One rally filled a high school gym with thousands, with thousands more waiting — unsuccessfully — to get in.
Another rally a few days earlier — a mere handful of miles away — was reported this way:
HARRISBURG, Pa. — Pushing an agenda that touts creating millions of new jobs for Americans, Democratic presidential nominee Hillary Clinton and vice-presidential hopeful Sen. Tim Kaine made a campaign stop Friday at Broad Street Market in front of hundreds of supporters.
That’s right, it was Hillary who drew “hundreds” in downtown Harrisburg, Pennsylvania — this in a state capital where Democrat Tom Wolf sits as governor and has a Democratic machine filled with political employees. And it was Trump, appearing across the Susquehanna River at Cumberland Valley High School in the Harrisburg suburb of Mechanicsburg, whose rally was reported thusly by PoliticsPA:
Donald Trump is definitely targeting Pennsylvania.
Even if you didn’t catch the recent articles about how, along with Florida and Ohio, PA is one of the GOP nominee’s must-win states, you would know it from Trump’s frequent visits to the commonwealth.
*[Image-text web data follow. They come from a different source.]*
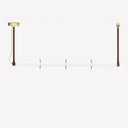 Roseline Pendant Lamp - Gold base, brown strap, clear glass shade and textile cable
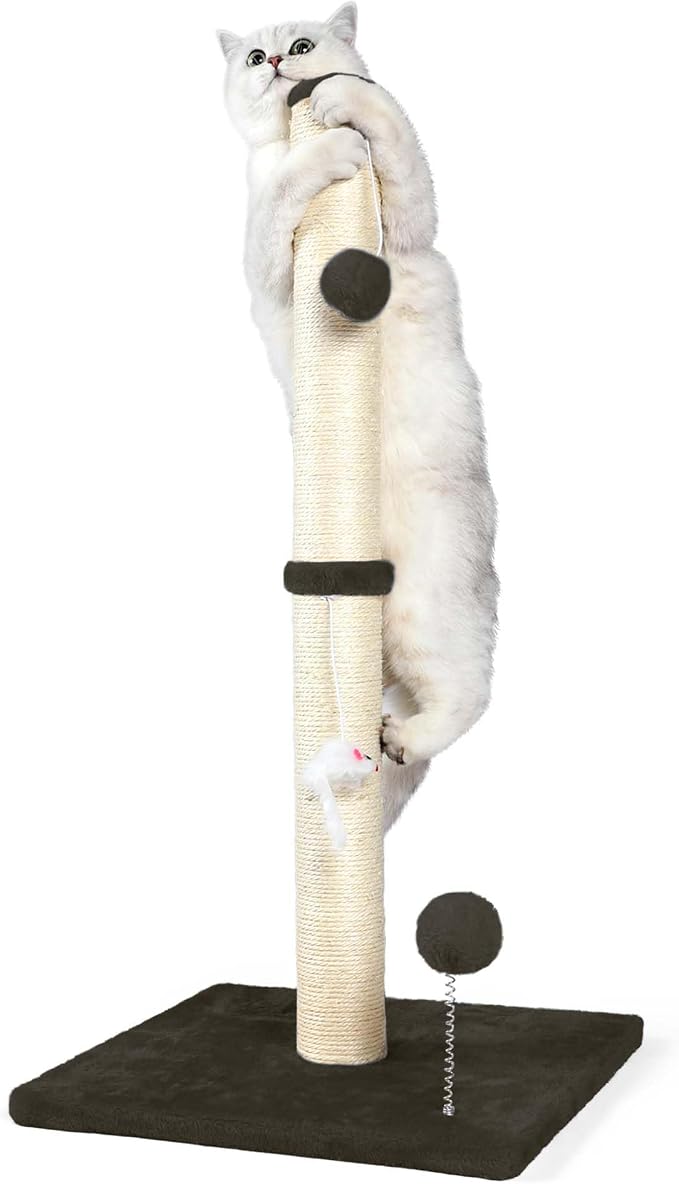 ANWA 32" Tall Sisal Cat Scratching Posts Tree for Indoor Cats Adults, Brown by ANWA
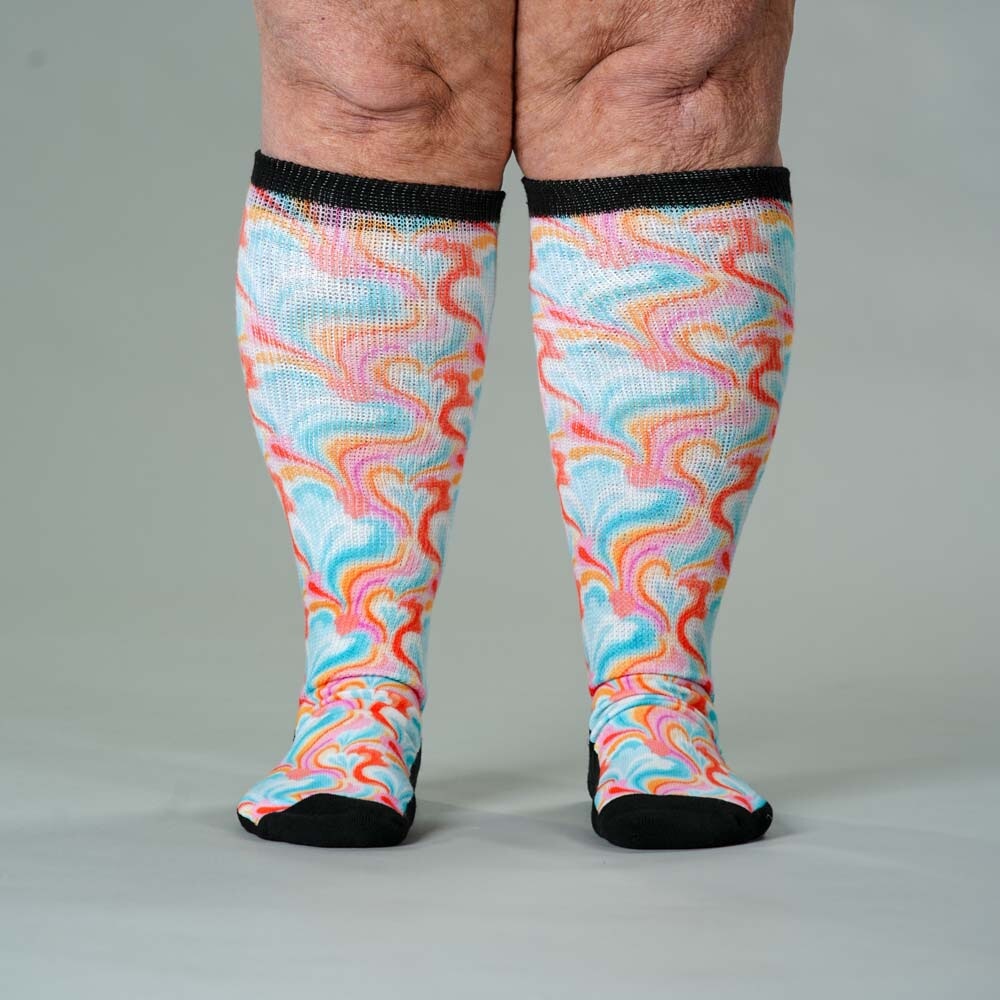 Viasox Spring Swirls EasyStretch Socks stretched display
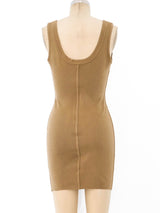 Alaia Taupe Knit Tank Dress Dress arcadeshops.com
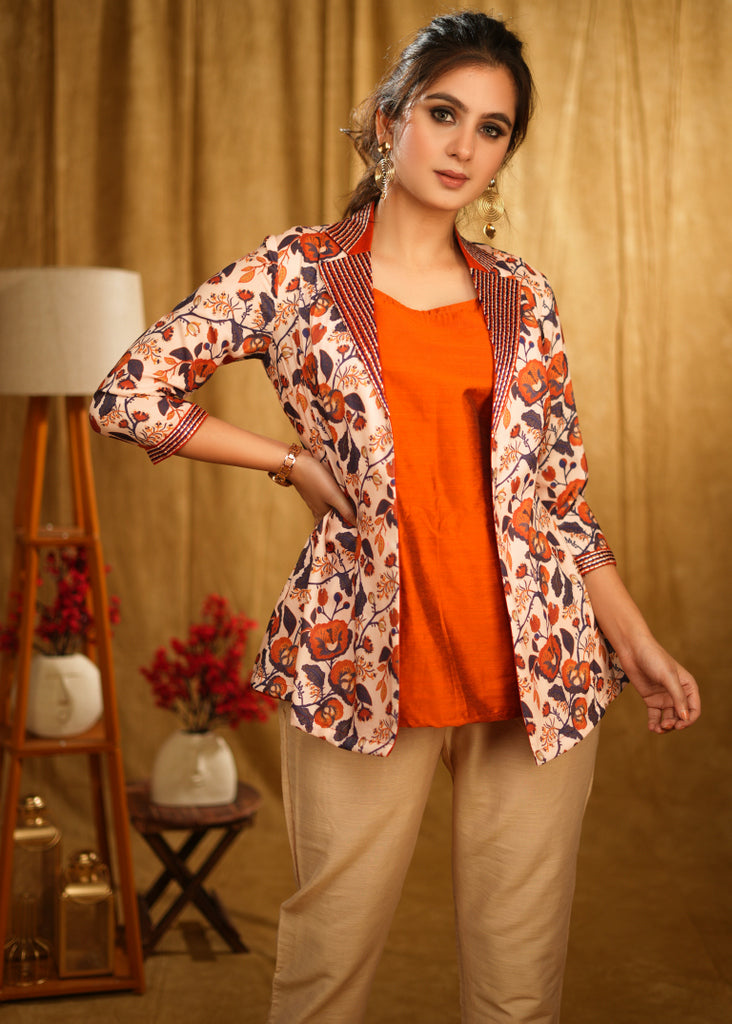 Smart Casual Floral Embroidered Jacket with Rust Cotton Silk Sleeveless Top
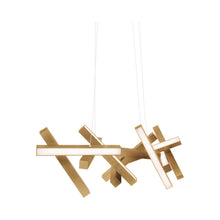Load image into Gallery viewer, Chaos Linear LED Chandelier in Small/Aged Brass.
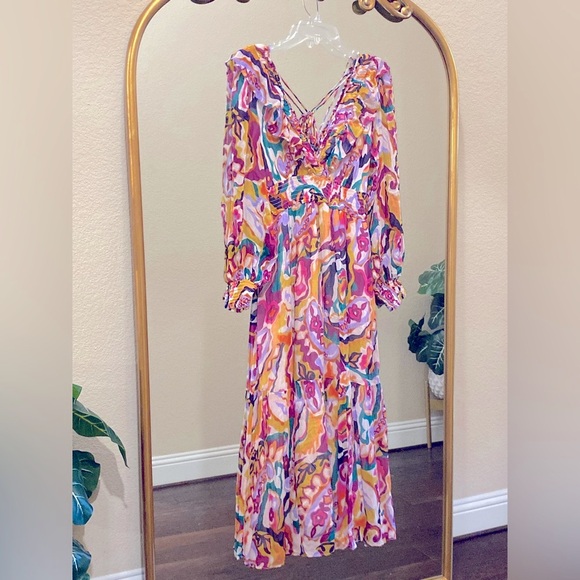 Anthropologie The Marais Printed Chiffon Maxi Dress Size 3X - Picture 6 of 14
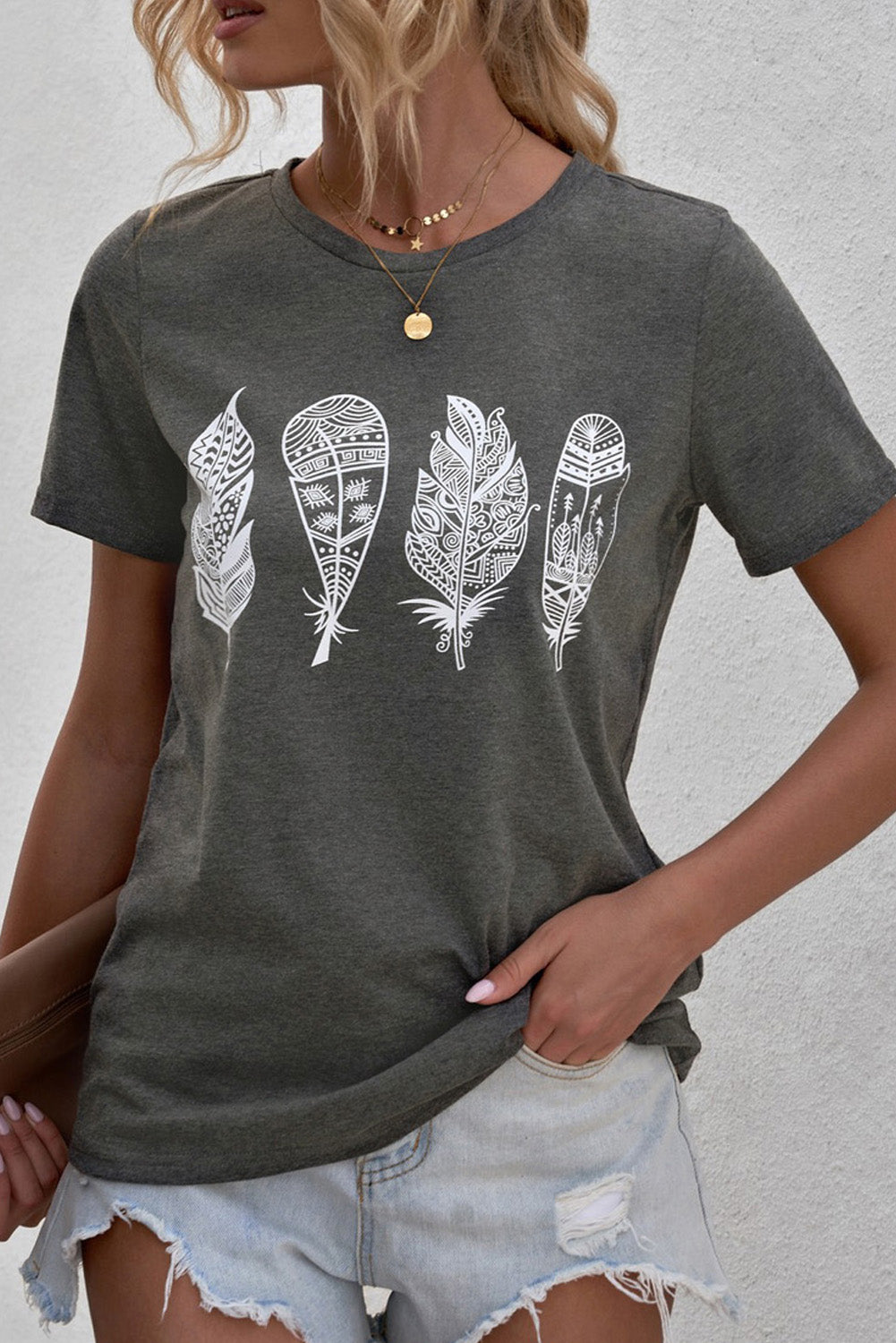 Geometric Feather O-neck T-shirt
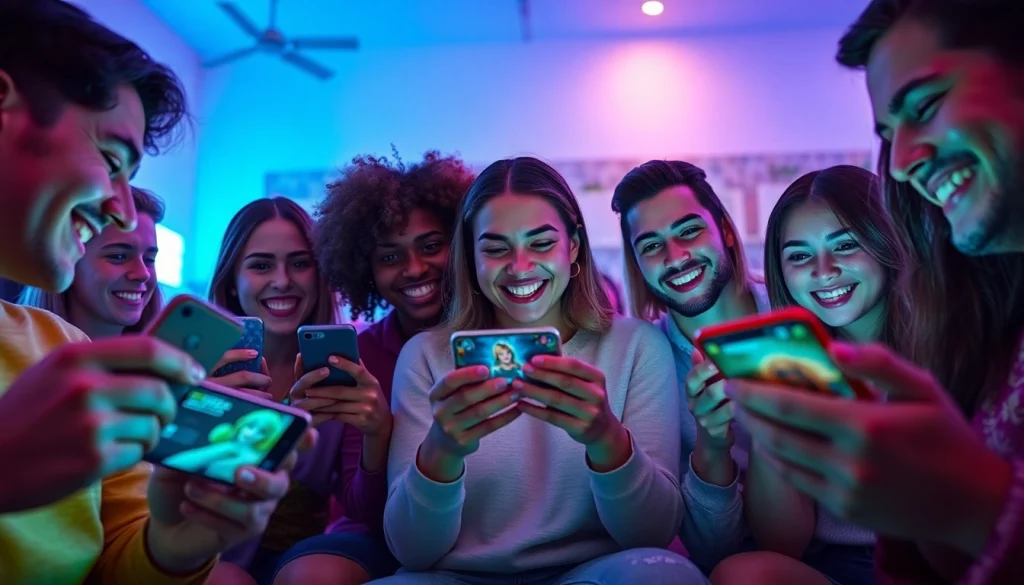 A group of friends enjoying a mobile porn game on their smartphones, showcasing a vibrant gaming atmosphere.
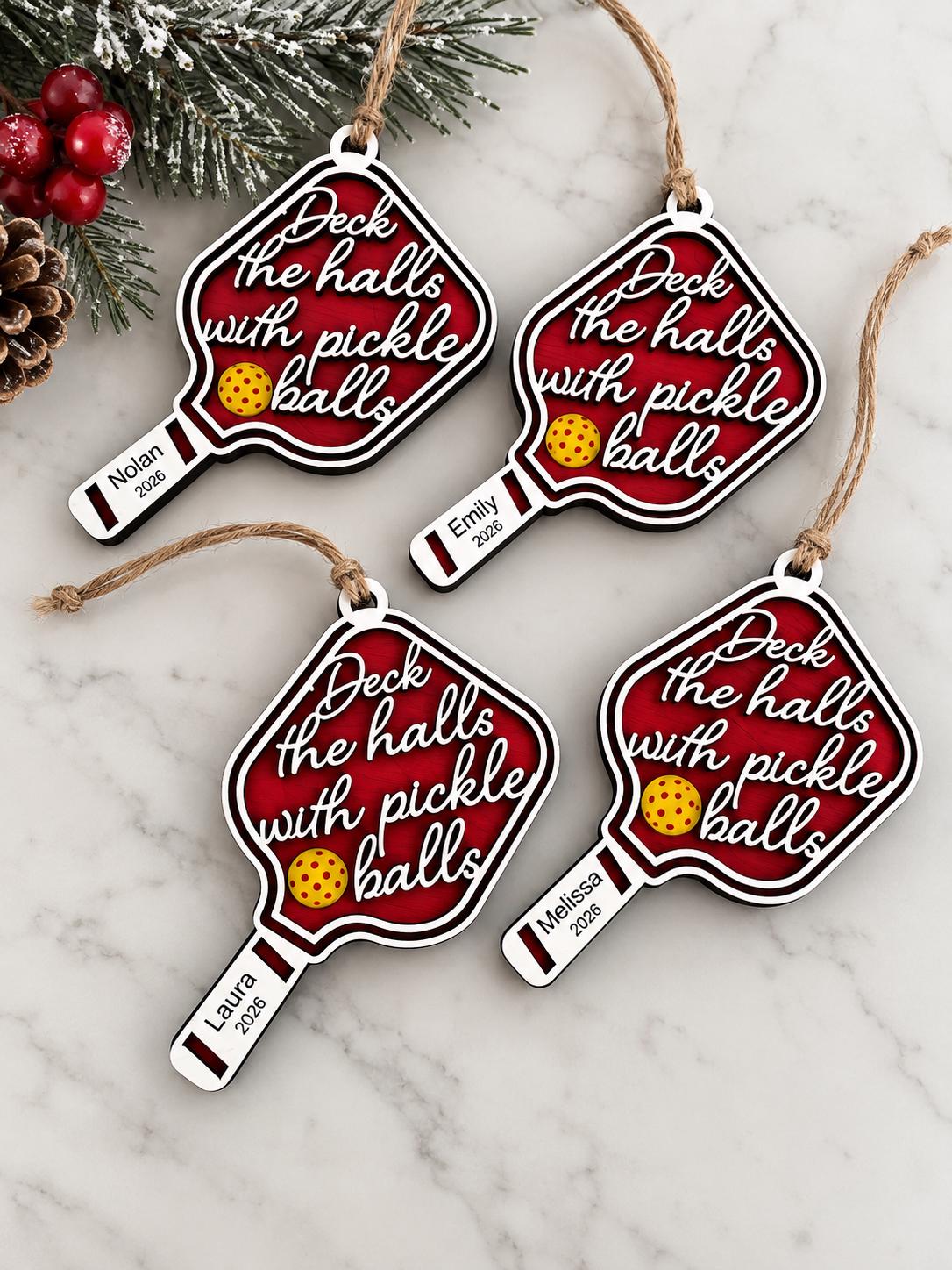 Pickleball Personalized Wood Christmas Ornament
Another such event occurred last night in Mechanicsburg, a suburb of Harrisburg.
Candy Woodall of the Patriot-News put the attendance at about 3,500 while the candidate asserted that an additional 5,000 had to be turned away. Carley Mossbrook and Steve Esack of the Morning Call reported 3,156 in the gymnasium and another 1,371 in the school’s auditorium.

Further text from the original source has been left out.